Reversing this argument, negative XLD signals at the π* resonances and positive XLD signals at σ* resonances indicate a flat, lying-down geometry of the molecules. An XLD contrast with inverted signs at π* and σ* resonances indicates a ‘standing-up’ geometry. The appearance of XLD in both π* and σ* resonances after sandwiching the template layer indicates that PTCDA alters the orientation of both VOPc and TiOPc from a ‘standing-up’ configuration to a more ‘lying-down’ configuration. Later on in this paper, a quantitative comparison of the lying-down and the standing-up configurations will be established using a theoretical model. Note that adding a templating layer leads to a significant XLD also in the diluted samples VT10-P-Si, VT100-P-Si, VT500-P-Si. The characteristic peaks of the diluted samples at both π* resonances and σ* resonances resemble the ones of the non-diluted counterparts.

The main features in all spectra shown in Fig. 1c and d are the same, however, very small peak shifts and intensity differences can be ascribed to the slightly different local environments seen by the nitrogen atoms between VOPc and TiOPc.

Furthermore, when using polycrystalline aluminum foil as a substrate (sample identifiers ending with ‘…-Al’), the results are similar, but not identical to the ones obtained with Si(100). The differences will be discussed more quantitatively at the end of the Theoretical modeling section. The respective XAS and XLD spectra are reported in Fig. S1 in the ESI.

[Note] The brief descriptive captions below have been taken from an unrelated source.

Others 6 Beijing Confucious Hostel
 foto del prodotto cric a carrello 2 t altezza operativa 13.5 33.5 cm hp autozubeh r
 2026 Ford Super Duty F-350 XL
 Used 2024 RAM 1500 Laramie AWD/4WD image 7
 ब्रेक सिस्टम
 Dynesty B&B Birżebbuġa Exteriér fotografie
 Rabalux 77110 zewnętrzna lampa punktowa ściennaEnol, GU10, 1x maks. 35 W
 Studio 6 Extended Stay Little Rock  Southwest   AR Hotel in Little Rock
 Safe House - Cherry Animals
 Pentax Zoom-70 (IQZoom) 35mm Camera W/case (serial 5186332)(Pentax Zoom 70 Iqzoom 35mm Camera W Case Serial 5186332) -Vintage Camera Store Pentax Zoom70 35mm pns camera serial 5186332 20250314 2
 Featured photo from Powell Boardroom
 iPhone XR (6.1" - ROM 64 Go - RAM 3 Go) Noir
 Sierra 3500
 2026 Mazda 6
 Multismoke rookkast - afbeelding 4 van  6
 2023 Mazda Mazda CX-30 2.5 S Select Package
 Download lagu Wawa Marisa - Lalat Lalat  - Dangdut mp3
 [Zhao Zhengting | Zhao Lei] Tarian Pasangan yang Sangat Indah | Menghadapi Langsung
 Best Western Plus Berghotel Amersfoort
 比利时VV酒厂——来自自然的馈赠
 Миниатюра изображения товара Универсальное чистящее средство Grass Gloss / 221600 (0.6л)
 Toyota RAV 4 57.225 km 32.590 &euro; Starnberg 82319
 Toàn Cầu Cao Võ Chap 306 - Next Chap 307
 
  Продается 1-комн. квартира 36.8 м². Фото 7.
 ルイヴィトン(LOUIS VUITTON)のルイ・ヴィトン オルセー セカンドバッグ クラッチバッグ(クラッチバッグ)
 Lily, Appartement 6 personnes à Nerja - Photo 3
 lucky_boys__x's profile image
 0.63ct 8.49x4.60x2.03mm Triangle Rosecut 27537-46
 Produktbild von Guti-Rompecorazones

XAS at the vanadium L2,3-edges and the oxygen K-edge

In order to gain deeper understanding beyond the spectral properties of the nitrogen atoms in the molecules, the XAS and XLD spectra at the vanadium L2,3-edges (510–527 eV) and the oxygen K-edge (527–560 eV) of the vanadium-containing thin film samples on Si(100) and of a few reference samples were studied. The resulting X-ray spectra are shown in Fig. 2a and b, respectively. In order to improve the visibility, wherever indicated, the vanadium part of the spectra obtained on the diluted VOPc films has been multiplied by a given factor to compensate for the weaker signal. Four main groups of features at photon energies of 515 eV, 523 eV, 530 eV and 538 eV are visible: The first two correspond to the vanadium L3 and L2 edges originating from the spin–orbit split core-level electron transitions 2p3/2 → 3d and 2p1/2 → 3d, respectively.36 The third and the fourth groups belong to the oxygen K-edge, which will be discussed further below. The vanadium L2,3-edge spectra of the non-diluted VOPc samples V10-Si and V10-P-Si are in excellent agreement with the ones in the literature.39,42–44

In line with the results obtained at the nitrogen K-edge discussed before it is apparent that without a templating layer there is virtually no XLD signal. In contrast, when a PTCDA layer is introduced the characteristic XLD signal appears. Obviously, the appearance of the XLD effect observed at the vanadium and nitrogen edges must be correlated because both elements are engaged in the same molecule and fixed by chemical bonds. The diluted samples exhibit a behavior similar to the non-diluted VOPc sample V10-P-Si. Fig. 2c provides a detailed view of the XAS and XLD features of sample V10-P-Si. Peaks A, B and D (cf.Fig. 2c) exhibit a positive XLD signal, while the XLD at peak C is negative.


image file: d2ma00157h-f2.tif
Fig. 2 (a) XAS and (b) XLD at the vanadium L2,3-edges and at the oxygen K-edge for the indicated samples. Spectra were measured at a grazing angle of ψ = 60° at room temperature, except for sample VT500-P-Si (2 K, ψ = 60°) and the MOPc powders (300 K, ψ = 0°). Solid and dashed lines in (a) represent linear horizontal and vertical X-ray polarization. Spectra in (a) and (b) have been vertically offset for clarity. In (b) the XLD intensities at the main features relative to the corresponding XAS are given in percent. (c) Zoom of the XAS and the XLD of sample V10-P-Si. The XLD scale is relative to the maximum feature of the XAS.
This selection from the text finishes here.